L’autre fils Jean Flamens est né le 4 avril 1852, Rue Saint-Louis. On peut penser que le père est absent. C’est Jean Périé propriétaire de 50 ans qui est le grand oncle paternel par alliance qui habite le quartier de Labourgade et qui vient faire la déclaration. moment làsera notaire de 1882 à 1889 à Castelsarrasin puis propriétaire.
Au moment de son décès, le 25 juillet 1906, Amélie Boyé a 76 ans.
Pierre Flamens décède le 16 décembre 1893 au poste de maire de Castelsarrasin à l’âge de 68 ans.
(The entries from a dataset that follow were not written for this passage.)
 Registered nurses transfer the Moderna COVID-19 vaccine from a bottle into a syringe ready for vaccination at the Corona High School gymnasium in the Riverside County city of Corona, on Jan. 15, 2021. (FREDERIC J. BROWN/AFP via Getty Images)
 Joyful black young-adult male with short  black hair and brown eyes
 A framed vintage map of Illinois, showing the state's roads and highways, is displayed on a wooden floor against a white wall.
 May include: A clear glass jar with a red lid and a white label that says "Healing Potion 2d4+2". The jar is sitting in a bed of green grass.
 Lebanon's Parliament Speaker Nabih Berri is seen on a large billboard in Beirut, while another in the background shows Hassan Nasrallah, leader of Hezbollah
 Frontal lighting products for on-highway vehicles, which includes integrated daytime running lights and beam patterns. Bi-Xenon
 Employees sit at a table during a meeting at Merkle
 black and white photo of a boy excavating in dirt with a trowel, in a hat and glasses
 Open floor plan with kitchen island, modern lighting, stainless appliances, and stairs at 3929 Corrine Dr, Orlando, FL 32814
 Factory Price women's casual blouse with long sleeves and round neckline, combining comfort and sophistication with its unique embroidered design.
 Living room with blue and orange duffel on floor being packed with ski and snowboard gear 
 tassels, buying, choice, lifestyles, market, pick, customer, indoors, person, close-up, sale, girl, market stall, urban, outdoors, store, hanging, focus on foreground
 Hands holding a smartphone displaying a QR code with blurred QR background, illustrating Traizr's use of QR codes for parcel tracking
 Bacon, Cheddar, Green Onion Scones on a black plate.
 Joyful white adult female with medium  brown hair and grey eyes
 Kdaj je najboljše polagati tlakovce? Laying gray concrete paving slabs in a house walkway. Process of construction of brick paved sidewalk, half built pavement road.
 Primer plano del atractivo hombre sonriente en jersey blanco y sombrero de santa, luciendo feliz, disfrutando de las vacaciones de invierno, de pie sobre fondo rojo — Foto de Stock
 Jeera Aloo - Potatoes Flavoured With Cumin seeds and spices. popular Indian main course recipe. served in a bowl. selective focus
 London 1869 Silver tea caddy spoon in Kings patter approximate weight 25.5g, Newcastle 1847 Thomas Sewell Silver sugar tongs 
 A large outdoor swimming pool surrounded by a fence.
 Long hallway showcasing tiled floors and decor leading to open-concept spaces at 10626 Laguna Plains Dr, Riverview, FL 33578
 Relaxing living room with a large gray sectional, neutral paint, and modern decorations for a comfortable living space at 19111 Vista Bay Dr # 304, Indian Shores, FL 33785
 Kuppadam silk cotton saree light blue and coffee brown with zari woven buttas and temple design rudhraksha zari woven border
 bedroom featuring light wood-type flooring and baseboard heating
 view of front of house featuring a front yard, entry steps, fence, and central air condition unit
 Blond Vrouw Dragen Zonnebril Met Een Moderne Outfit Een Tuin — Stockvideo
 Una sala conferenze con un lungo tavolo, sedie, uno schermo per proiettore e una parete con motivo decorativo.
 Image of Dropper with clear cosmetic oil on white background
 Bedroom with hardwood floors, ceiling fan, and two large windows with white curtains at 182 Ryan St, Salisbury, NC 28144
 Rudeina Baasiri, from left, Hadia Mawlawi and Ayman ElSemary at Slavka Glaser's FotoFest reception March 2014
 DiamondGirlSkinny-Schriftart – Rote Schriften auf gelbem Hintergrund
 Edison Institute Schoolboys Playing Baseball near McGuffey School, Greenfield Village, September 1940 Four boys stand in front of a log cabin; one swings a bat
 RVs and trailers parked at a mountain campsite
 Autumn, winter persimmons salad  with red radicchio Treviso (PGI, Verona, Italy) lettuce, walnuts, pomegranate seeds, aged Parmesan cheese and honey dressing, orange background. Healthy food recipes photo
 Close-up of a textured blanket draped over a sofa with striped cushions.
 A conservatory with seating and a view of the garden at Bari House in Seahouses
Il habite alors Rue de la Fraternité.
Sa vie professionnelle
Pierre après des études au collège de Castelsarrasin puis au lycée de Toulouse et à l’école de droit de Toulouse, sera licencié en droit le 17 octobre 1845. C’est là qu’il croise Gambetta.
Dès l’obtention de sa licence de droit il s’installe comme avocat de 1846 à 1848 à Moissac. Puis avec la révolution de 1848 il devient substitut du procureur général à Castelsarrasin jusqu’en novembre 1849. Là, il redevient avocat mais à Castelsarrasin. Après son retour de l’étranger, de 1853-1870 il reprend son métier d’avocat à Castelsarrasin où il deviendra deux fois bâtonnier.
Dans une étude sur les préfets de Gambetta de Vincent Wright nous apprenons sur sa fortune :
« De milieu relativement aisé. Grand-père paternel laisse 3494 francs en mobilier et des immeubles évalués à 12 979 F. Grand-père maternel mort en 1846 laisse un mobilier évalué à 5075 F et des immeubles évalués à 19 302 F
Selon un rapport de 1855 sa famille dont la condition est très modeste possède une fortune de 80 000 F. La famille à laquelle il s’est également allié est dans l’aisance. A.N.
Sa fortune est compromise par les dettes de son fils. »
L’auteur indique également qu’il s’agit d’une famille catholique.
Sa vie politique
C’est un républicain notoire dans une ville qui dès la Révolution de 1848 se place du côté de la République. En conséquence quand viendra le moment du coup d’Etat, la municipalité de Castelsarrasin n’est pas à prendre, elle est du côté des insurgés qui se dirigent alors vers la sous-préfecture. Pierre Flamens sera parmi les plus radicaux des opposants en conséquence au moment de la répression, il va subir la peine de l’éloignement ce qui le conduit en 1852 à Bruxelles puis à Jersey. Il est obligé de quitter sa jeune épouse qui a un enfant d’un an et qui est enceinte du second. Le 19 février 1853 sa peine est remise.
Pierre Flamens est signalé comme dirigeant la foule qui entra dans la mairie et où il demanda la création d’un comité révolutionnaire. A ses côtés il y a surtout Bayrou, vétérinaire qui lit le journal de Toulouse, l’Emancipation.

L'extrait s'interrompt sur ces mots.